Klepper, den ein Studienkollege als „weicher, liebevoller auf den anderen eingehend, leiser und scheuer“ als andere beschrieben hat, musste um sich und seine Familie fürchten. 1937 wurde Klepper aus dem deutschen Schriftstellerverband ausgeschlossen. 1938 musste die Familie ihr Berliner Haus verlassen – es sollte wegen Hitlers Bauplänen abgerissen werden.
Die ältere Tochter Brigitte brachten die Kleppers 1939 rechtzeitig ins Ausland nach England. Mit der jüngeren blieben sie in Deutschland. 1940 wurde Klepper zum Kriegsdienst einberufen. Ein Jahr später haben ihn die Nazis wegen „Wehrunwürdigkeit“ entlassen. Grund dafür war seine „nichtarische“ Ehe. Als abzusehen war, dass Frau und die jüngste, 20-jährige Tochter nicht mehr ausreisen können, dass sie verhaftet und voraussichtlich ins KZ gebracht werden würden, entschieden sich die Kleppers, ihrem Leben ein Ende zu setzen. Irgendwann ist es aus mit der Kraft, sich einem Terror-Regime zu widersetzen. Nur Menschen, die tatkräftig zu einem stehen, die können helfen. Die gab es damals – aber in viel zu geringer Zahl. Und: Jochen Klepper und seine Familie gehören keiner vergangenen Zeit an. Es ist längst wieder von Nöten, die aktiv zu unterstützen, die heute als Juden attackiert werden. Es ist auch mehr als angebracht, dass im Evangelischen Gesangbuch zwölf Lieder von Jochen Klepper zu finden sind. Mehr gibt es darin von keinem zeitgenössischen Autor. In diesem Advent wird wie immer ein anrührendes Gedicht von Klepper aufgeschlagen und gesungen: „Die Nacht ist vorgedrungen“. Das hat er 1937 geschrieben. Ein Trostlied, das sich auch im katholischen Gotteslob und im Mennonitischen Gesangbuch findet.

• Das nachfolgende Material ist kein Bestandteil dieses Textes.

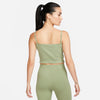 Nike Women's Sportswear Essential Ribbed Cropp Top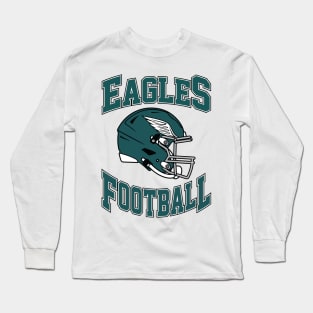 Philadelphia Eagles Football Team Long Sleeve T-Shirt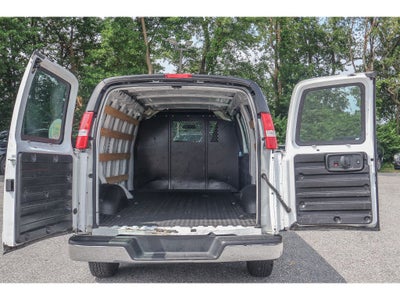 2021 Chevrolet Express Work Van
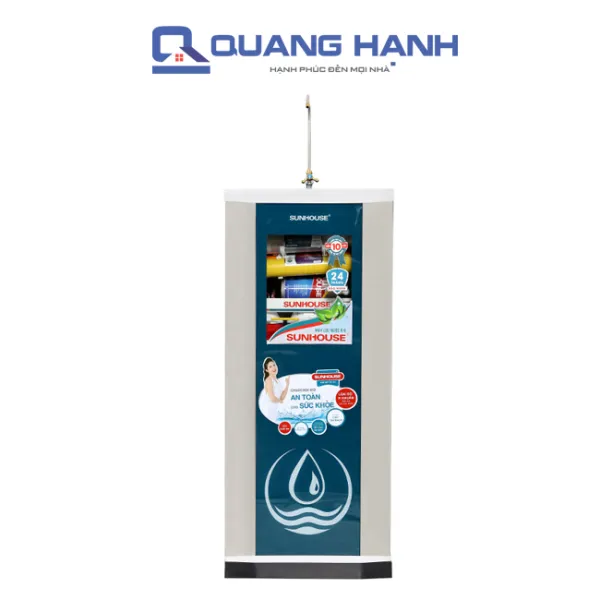 Máy lọc nước Sunhouse SHR88210K 10 lõi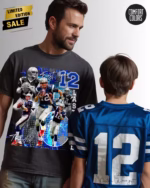 Custom Bootleg Football Shirt - Family Legacy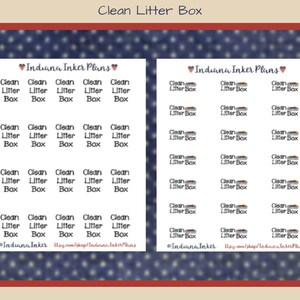 Decorative Kitty Litter Box - Etsy
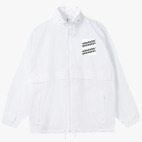 Ветровка с капюшоном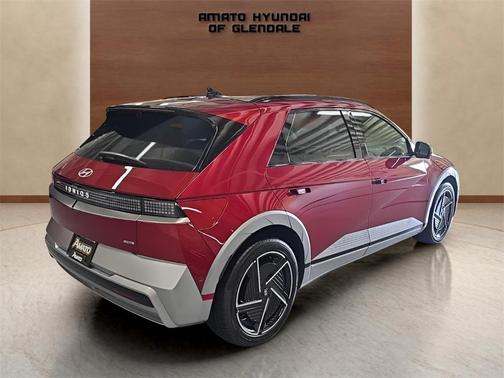 2026 Hyundai IONIQ 5 Limited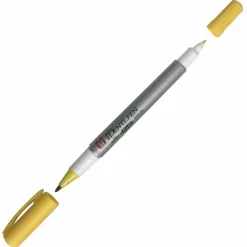 Sakura Caneta Permanente Amarelo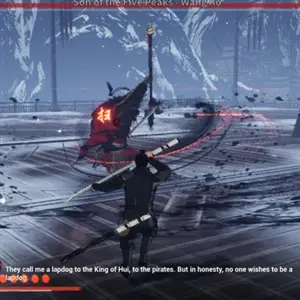 The Last Soldier of the Ming Dynasty - Boss Wang Ao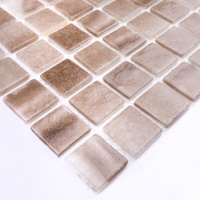 Мозаїка скляна STONE BEIGE AquaMo
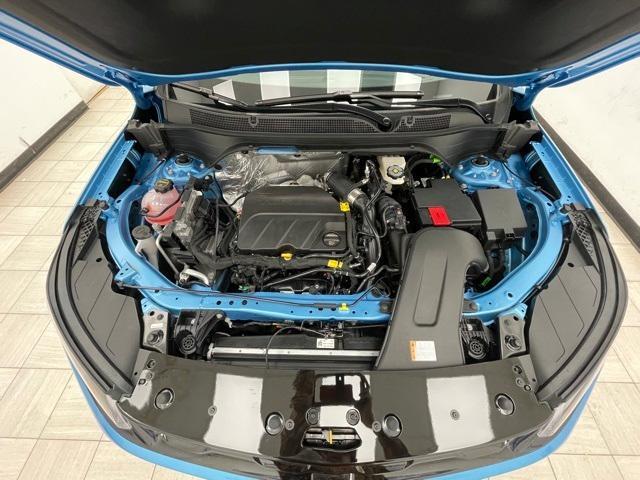 new 2025 Chevrolet Trax car, priced at $26,835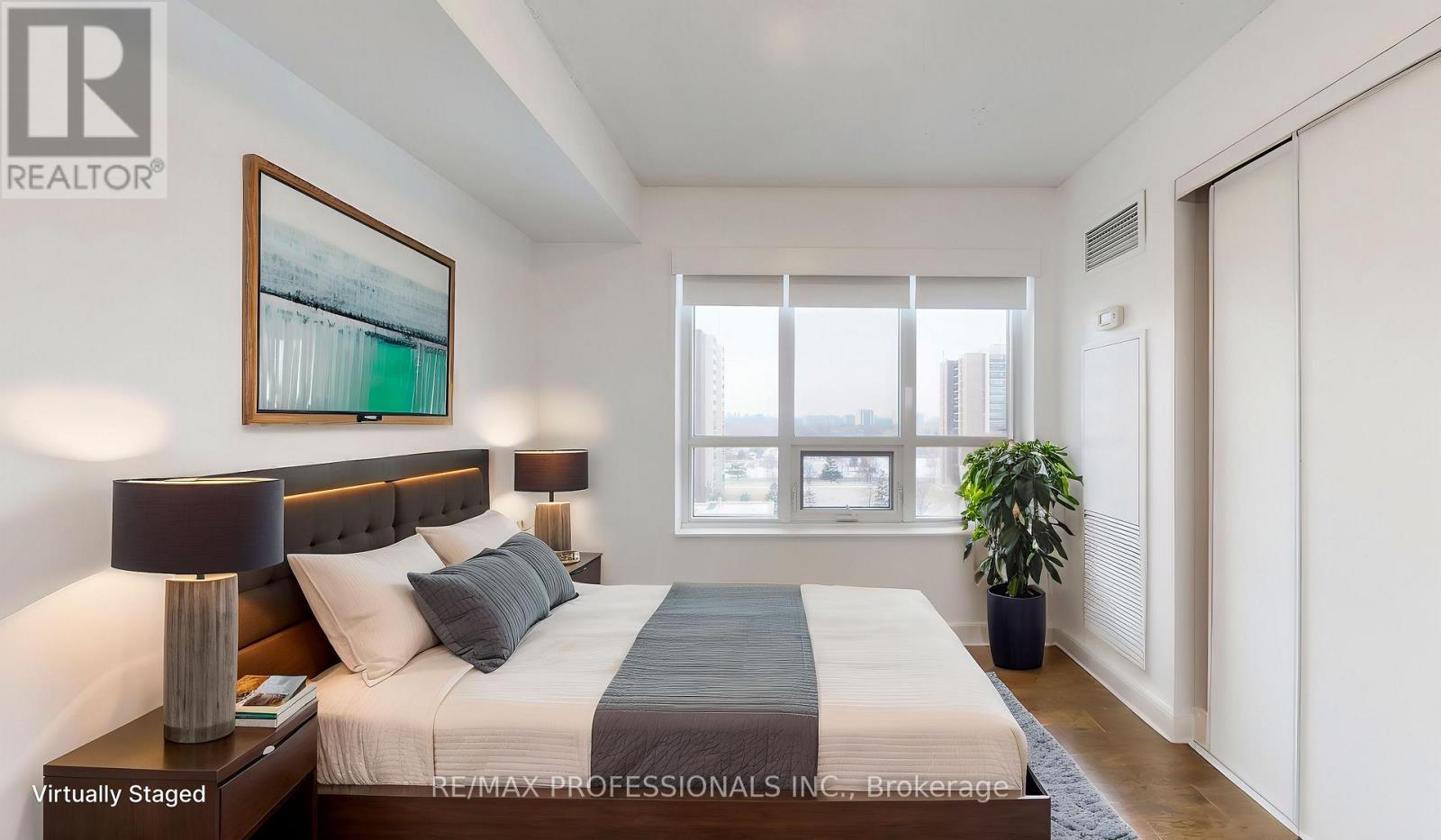 822 - 2 Eva Road, Toronto, Ontario  M9C 0A9 - Photo 5 - W12750106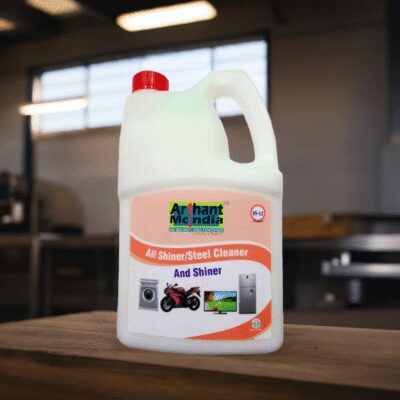 All Shine/Steel Cleaner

Es handelt von umfassender Finsternis, die dem Morgen, also dem Licht weichen muss. Klepper war realistisch: Eine zu Ende gehende Dunkelheit bedeutet längst nicht jubelnde Freude. Aber sie verliert ihre furchtbare Endgültigkeit. Klepper dichtet: „Die Nacht ist vorgedrungen, der Tag ist nicht mehr fern. So sei nun Lob gesungen dem hellen Morgenstern.“
Das klingt beschaulich. Aber es geht weiter: „Auch wer zur Nacht geweinet, der stimme froh mit ein. Der Morgenstern bescheinet auch deine Angst und Pein. Noch manche Nacht wird fallen auf Menschenleid und -schuld. Doch wandert nun mit allen der Stern der Gotteshuld.“ Das hat einer gedichtet, der nicht mehr leben konnte. Der aber darauf vertraut hat, dass es Hoffnung gibt.